NVIDIA RTX IO: What is it and How Does it Work on Graphics Cards?

October 4, 2020 Matt Mills Hardware, Tips and Tricks 0

One of the technologies that NVIDIA introduced alongside the latest generation of GeForce graphics cards was RTX IO, which will be available for the NVIDIA 20 × 0 and 30 × 0 ranges. Thanks to this technology, the graphics cards of these NVIDIA ranges can access the SSD connected to the PCI Express as if it were memory of the graphics itself with little involvement of the CPU. How does it work?

The RTX IO allows access to the SSD by the GPU regardless of the architecture of the CPU that we have installed in the system, since it is the GPU itself that is responsible for accessing the data from the SSD, a characteristic that before it was not implemented. At least on NVIDIA GPUs, since we had seen a less advanced implementation with AMD‘s HBCC integrated into its Vega graphics.

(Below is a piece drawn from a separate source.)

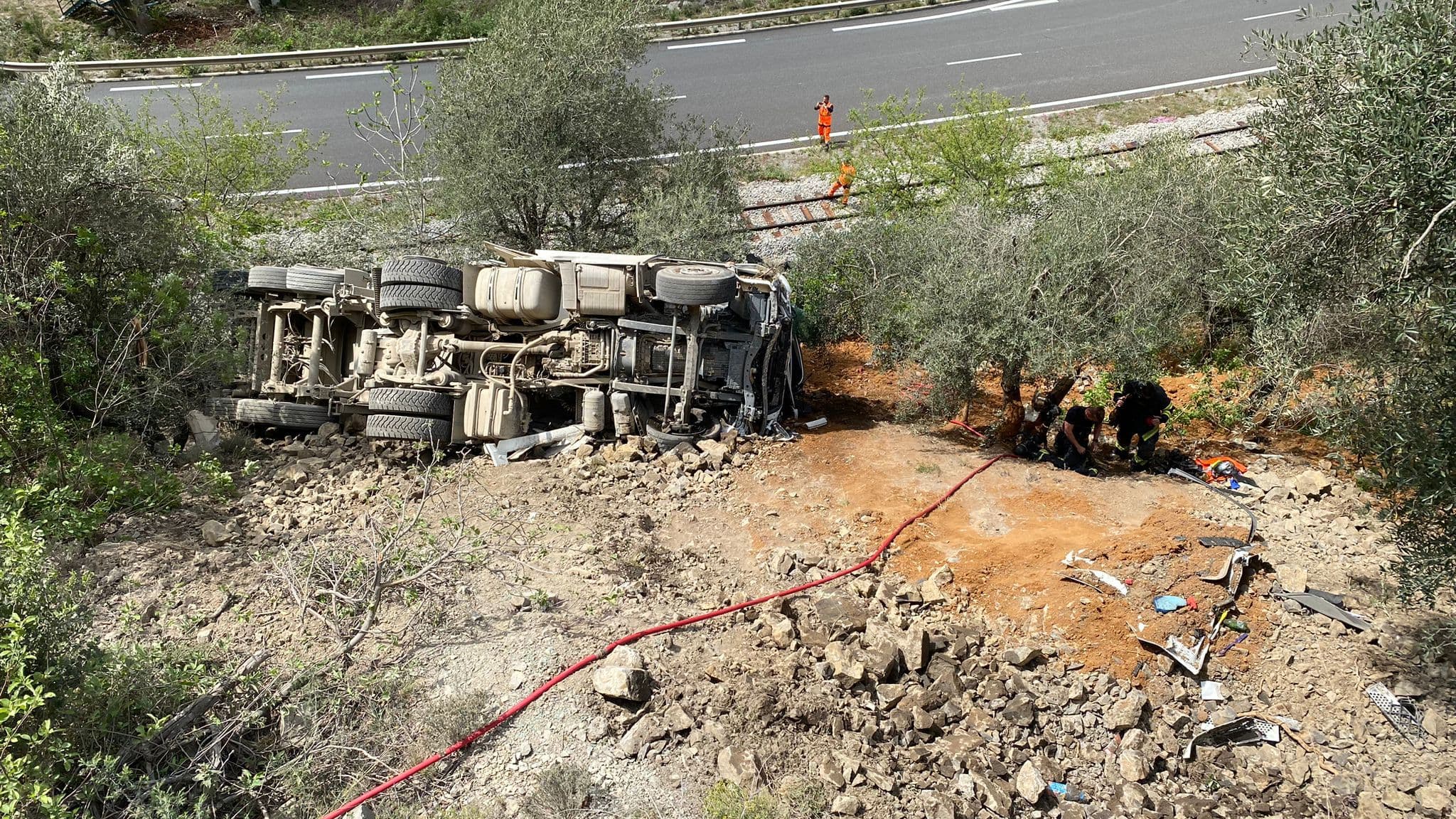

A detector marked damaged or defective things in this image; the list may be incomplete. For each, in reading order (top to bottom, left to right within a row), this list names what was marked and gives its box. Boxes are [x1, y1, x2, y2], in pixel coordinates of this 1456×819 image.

overturned truck [212, 243, 808, 461]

The RTX IO is the hardware-level implementation of the DirectStorage that Microsoft has implemented in DirectX 12 Ultimate and that it is an API that allows us to access a memory space beyond what is video RAM. And therefore you can request specific data from an SSD connected to a PCI Express port.

Why with NVIDIA RTX IO does the CPU not act on the process?

To understand why the CPU does not act in the process, we have to understand how the GPU accesses the system memory. Any GPU regardless of its architecture can access two different memory wells:

Your local memory, which is the memory included in the graphics card ( VRAM ).
System memory (where the CPU stops its data).

To access the second, it uses one or more DMA units that communicate with the system’s RAM through the PCI Express bus to memory.

Do you remember the systems in SLI and Crossfire where we had two cards in the same system? Well, the mechanism to communicate with an SSD connected to a PCI Express port would be exactly the same.

The reason for this is that despite the fact that we have different PCIe inputs on the PC, at the level of the I / O controller (the Southbridge) all are concentrated in the same controller and this allows all the devices connected to the PCI Express ports to be able to send data to each other, including among other things the SSD (if connected to the same PCIe controller).

The SSD as an extension of the GPU memory

The GPU when accessing the SSD treats it as if it were RAM memory, so in each instruction with access to RAM it makes a request to the specific memory address where the data is located directly. Through a series of completely transparent mechanisms, when data is requested that is on the SSD and not in memory, the data is searched on the SSD and copied directly to a part of the RAM that is used as a cache for the SSD .

This makes it possible to have virtually a large amount of memory available to the system and go beyond the limits of VRAM to access certain data. It only takes the GPU to pre-order them to be copied to RAM.

For example, in an open world game, if we zoom into a new area then the memory can remove the textures and other data that are no longer needed from the RAM and load again from the SSD. For example, the Unreal Engine demo released a few months ago had a “just” 768MB well to copy data from the SSD to the graphics RAM.

Real-time data decompression with a modest CPU

One of the things that comes with RTX IO and found since the RTX 20 × 0 is a real-time data decompression unit.

This unit takes the compressed data as input from the SSD, performs decompression on the fly and sends the already decompressed data to the memory of the graph.

The drive has a data decompression speed that to match using the CPU, which would require a large number of cores to perform the same particular task at the same speed as the RTX IO decompressor.

With this, those from Huang ensure better performance thanks to their NVIDIA RTX IO technology, which will manage to alleviate the performance GAP between very powerful CPUs and much more modest CPUs.